No need to worry about lost Chromebooks anymore; Google has added a remote disable function
Chrome’s Francis Beaufort confirmed the news in a recent Google+ post. It’s a huge win for businesses that rely on Chromebooks as a cost-effective tool. He explained that administrators can now place lost or stolen devices into a disabled state. They can set this right up through the web-based management console and put a custom message on a disabled device screen.
Google already implemented similar features on Android
Beaufort further explains that the custom message would greet the thief if the laptop is stolen. The message could also offer contact information and reward details. Android already has such a feature. Smartphone users can use this feature to lock a device and deliver details on how to return it.
Google recently started allowing the sideloading of Linux and Android systems onto Chromebook. It isn’t clear whether these changes will disable the feature, and it depends on whether it is working at the kernel level or the Chrome operating system level. This update is still great news fo all Chromebook users, especially for business managers concerned about employees accidently leaving their laptops at some random location.

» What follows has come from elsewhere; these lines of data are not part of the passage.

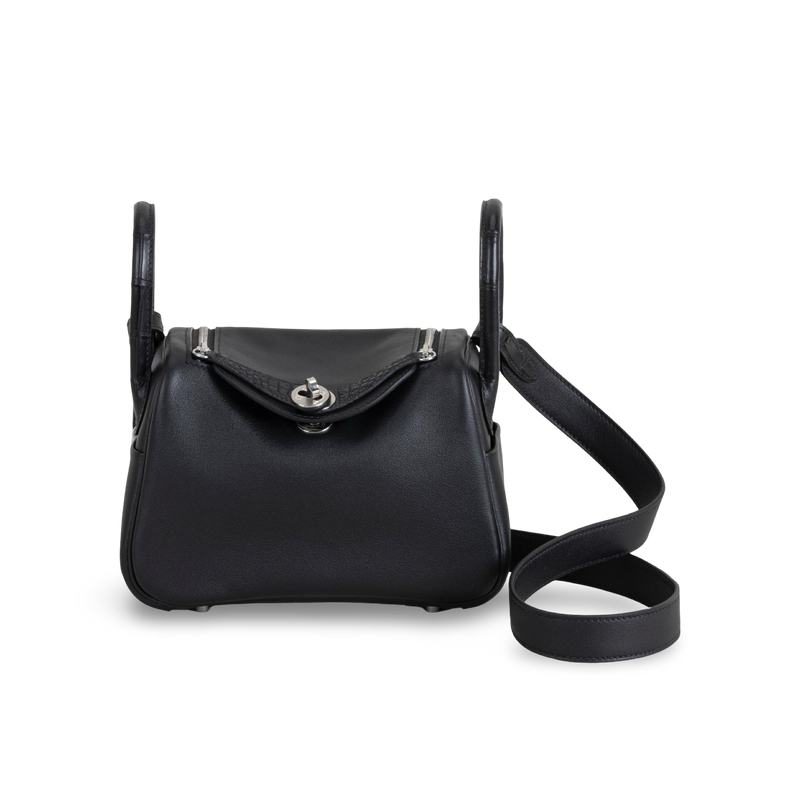 MINI LINDY 20 TOUCH SWIFT LEATHER & MISSISSIPPIENSIS ALLIGATOR (MATTE) NOIR (BLACK) WITH PALLADIUM HARDWARE (PHW)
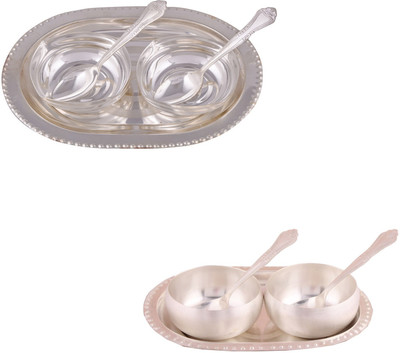 

G S Museum 2 Square Bowl with Spoon and Tray and 3.5" Met Finish 2 Bowl Set with Oval Tray Bowl Spoon Tray Serving Set
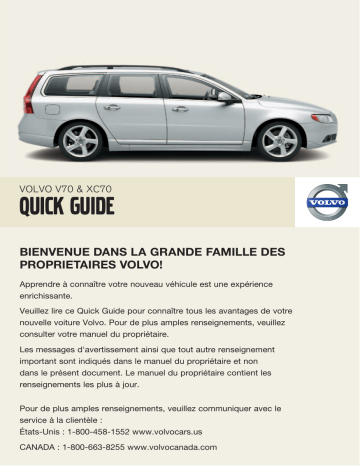 Manuel utilisateur | Volvo V70 2008 Late Guide de démarrage rapide | Fixfr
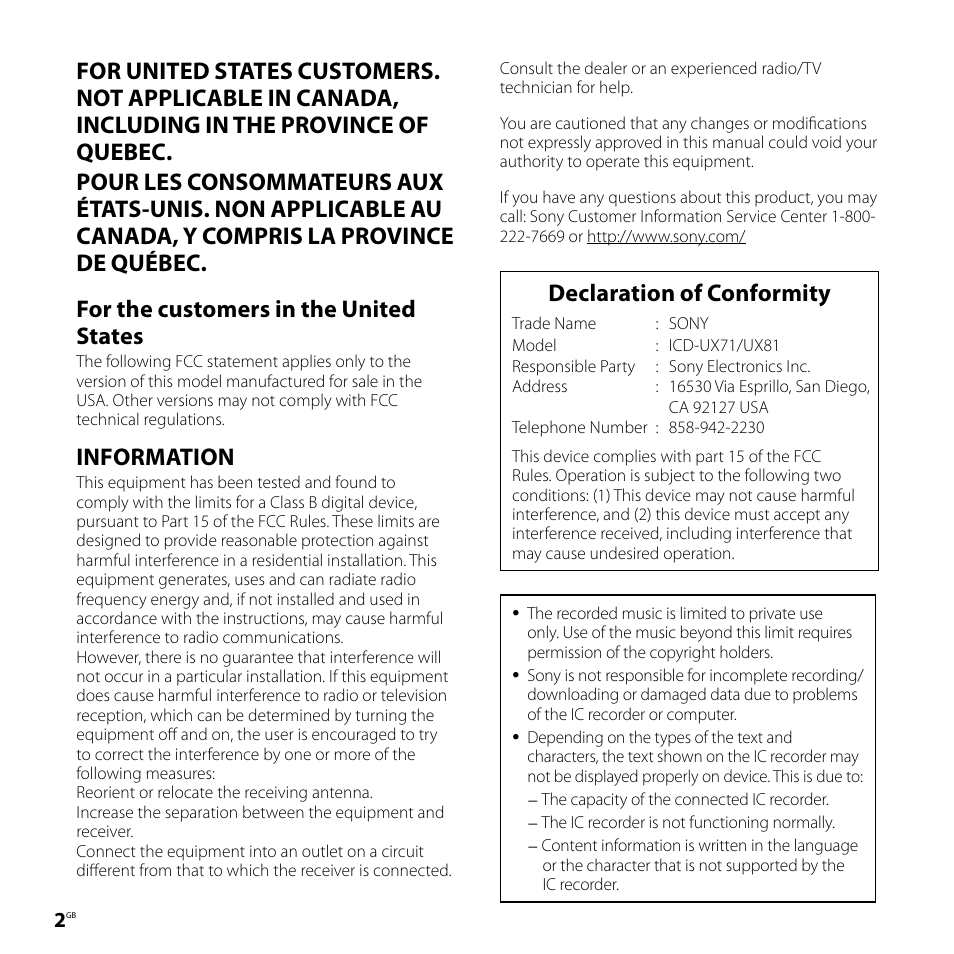 Information, Declaration of conformity | Sony ICD-UX71F User Manual | Page 2 / 112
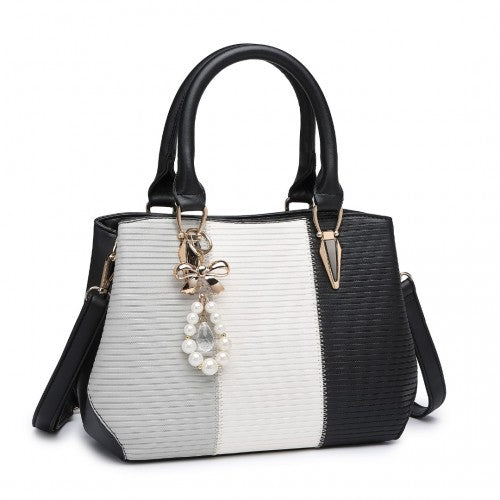 LG6866 - Miss Lulu Leather Look Colour Block Bow Pendant Handbag - Black | Neil's Luggage Store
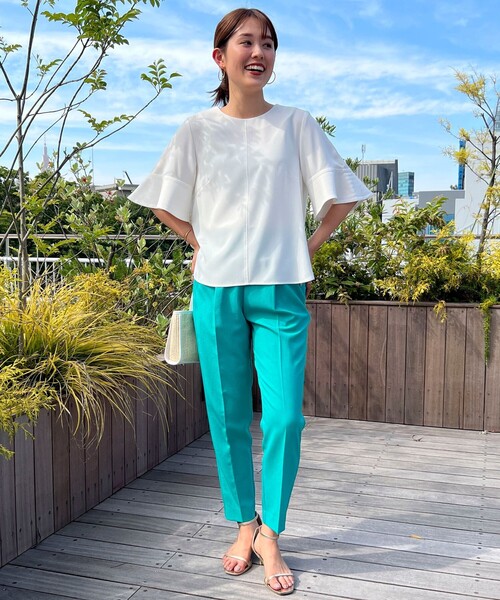 お値下げ中【未使用】半袖ブラウス　ネイビー　定価17,930円 NOLLEY'S 「NOLLEY'S」 半袖ブラウス 36 ネイビー レディース
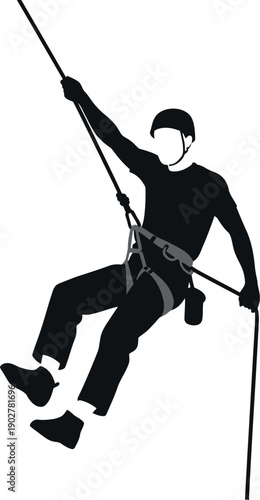 A person rappelling down a rope with a harness and carabiner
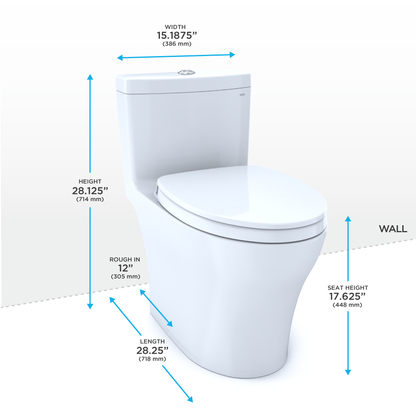 TOTO® Aquia® IV One-Piece Elongated Dual Flush 1.28 and 0.9 GPF Universal Height, WASHLET®+ Ready Toilet, Ebony- MS646124CEMFN#51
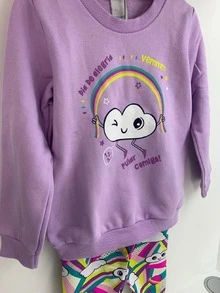 CONJUNTO MALWEE MOLETOM INFANTIL MENINA FLANELADO DIA DE ALEGRIA - Lavanda - Visão 4
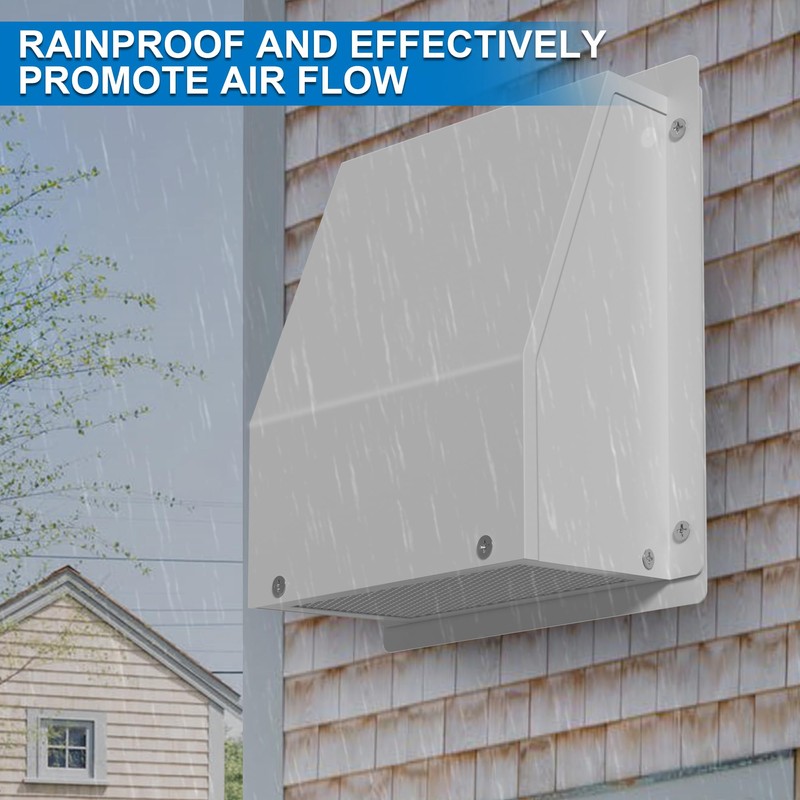 8 Inch Galvanized Steel Hooded Wall Vent with Screen and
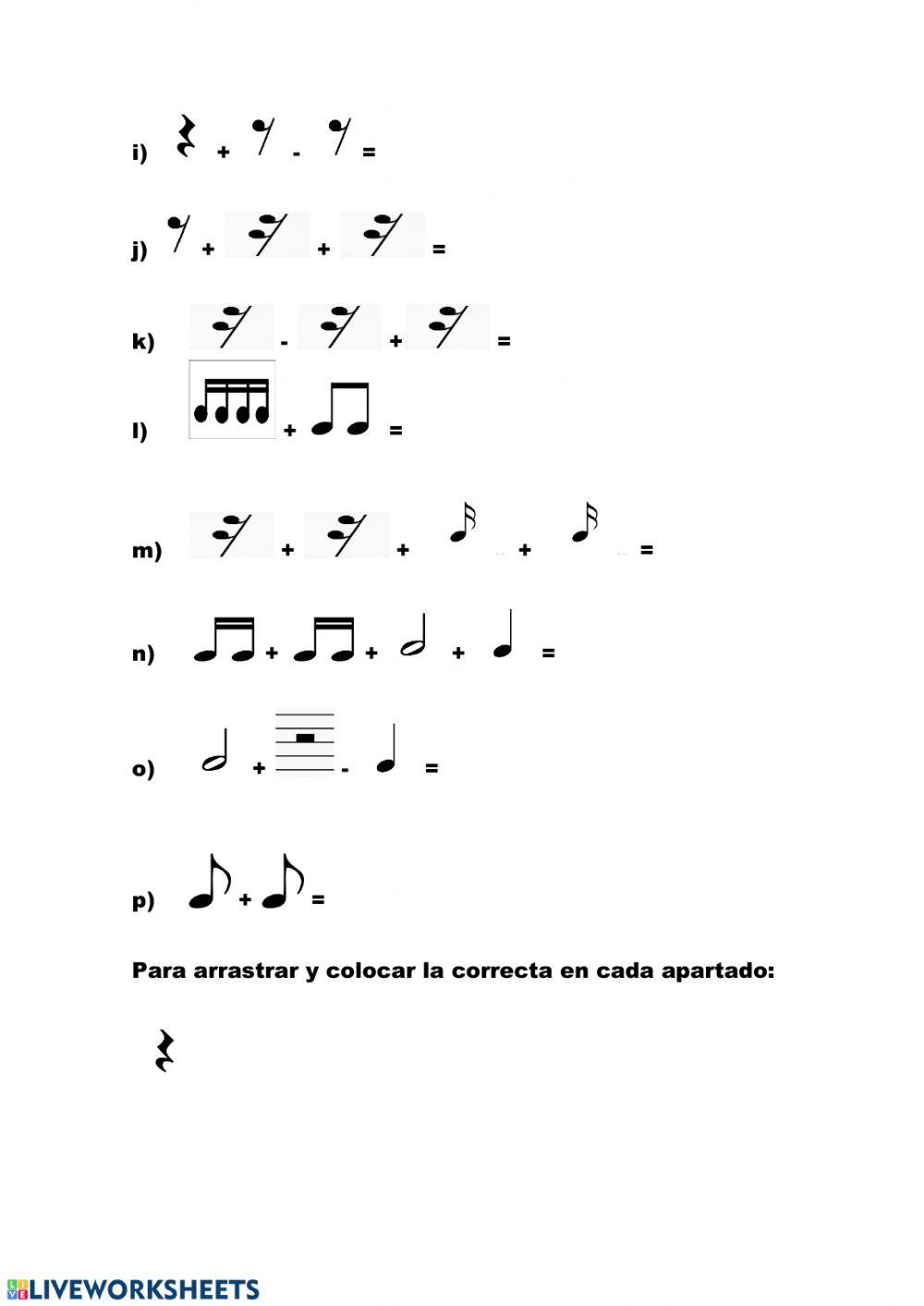 Sumas y restas de figuras y silencios musicales.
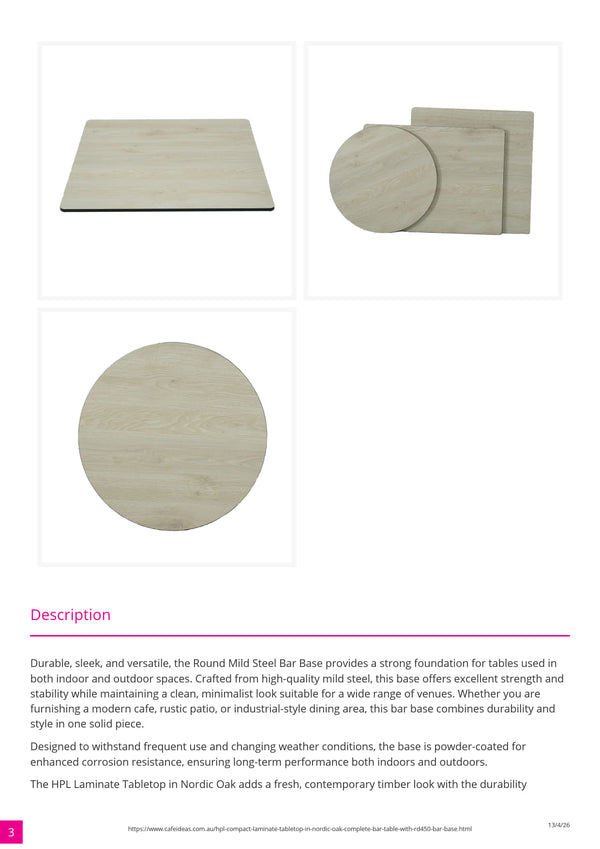 HPL Compact Laminate Nordic Oak Bar Table with White RD450 Base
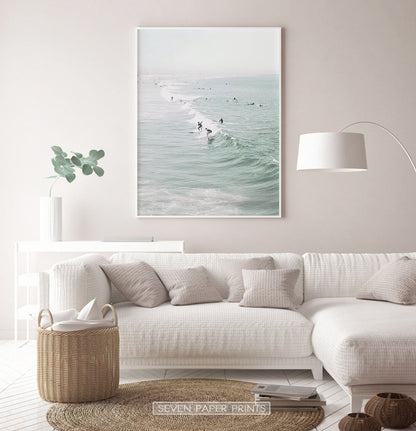 Ocean Waves Surfing Wall Art Print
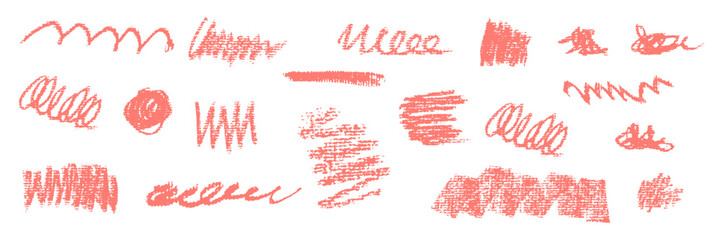 Wall Mural - set of vector freehand red strokes featuring bold thick smears, curl and swirl waves, scratchy trace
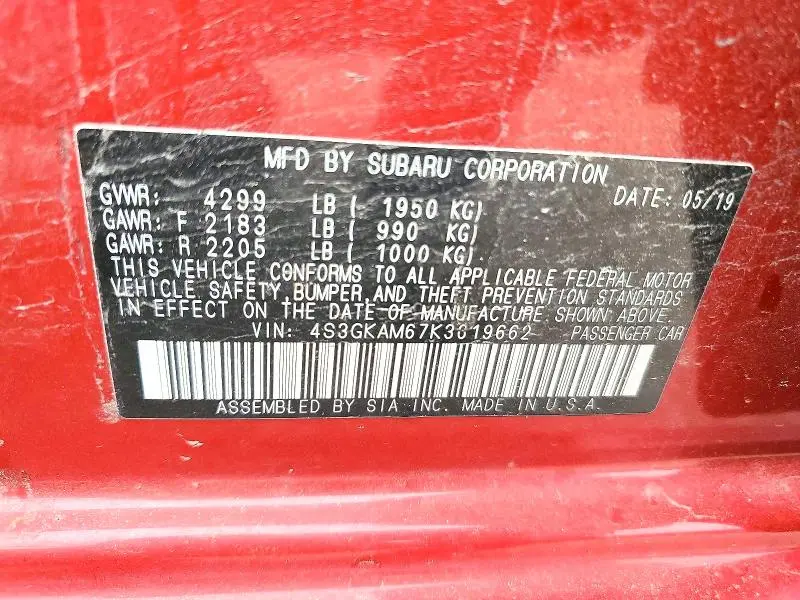 2019 SUBARU IMPREZA SPORT  
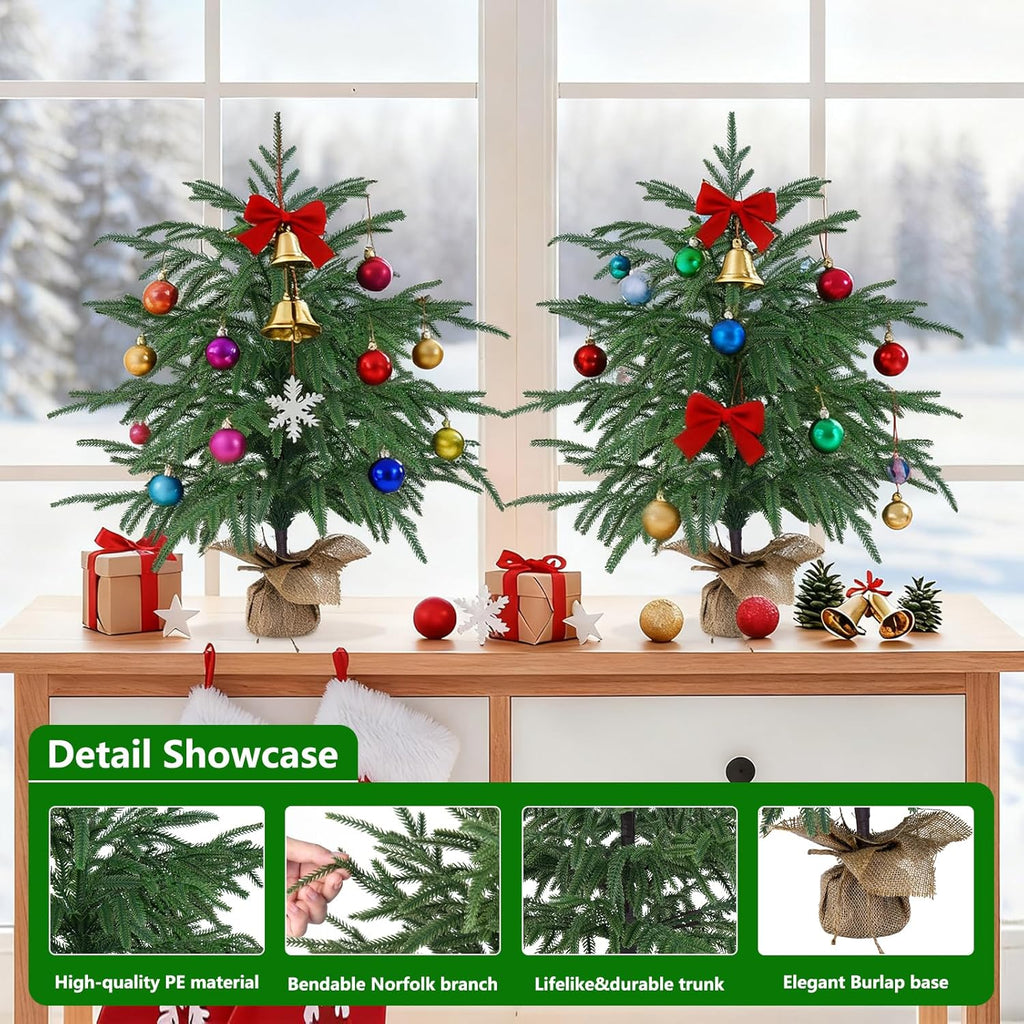 2FT Artificial Norfolk Pine Tree with Decorative Pot - Tabletop UV Protection Faux Tree Fake Plants with PE Branch for Indoor Outdoor Home Front Porch Christmas Decor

Google has yet to roll out features to everyone
Unfortunately this feature is still not available for general Gmail users at the moment. It is likely Google will eventually roll out this feature to all Google users sometime in the near future. The remote lock is currently bare bones. Users can remotely disable a device but can’t remotely clean saved files.
Last summer Google hinted at future remote lock capabilities for Chromebooks. Signs of the feature showed in the developer channel version. The options could be seen by running Chrome with an experimental line switch. Those features did not work at the time, and there was no guarantee the search giant would add the features to future versions of Chrome. Now we know the company did.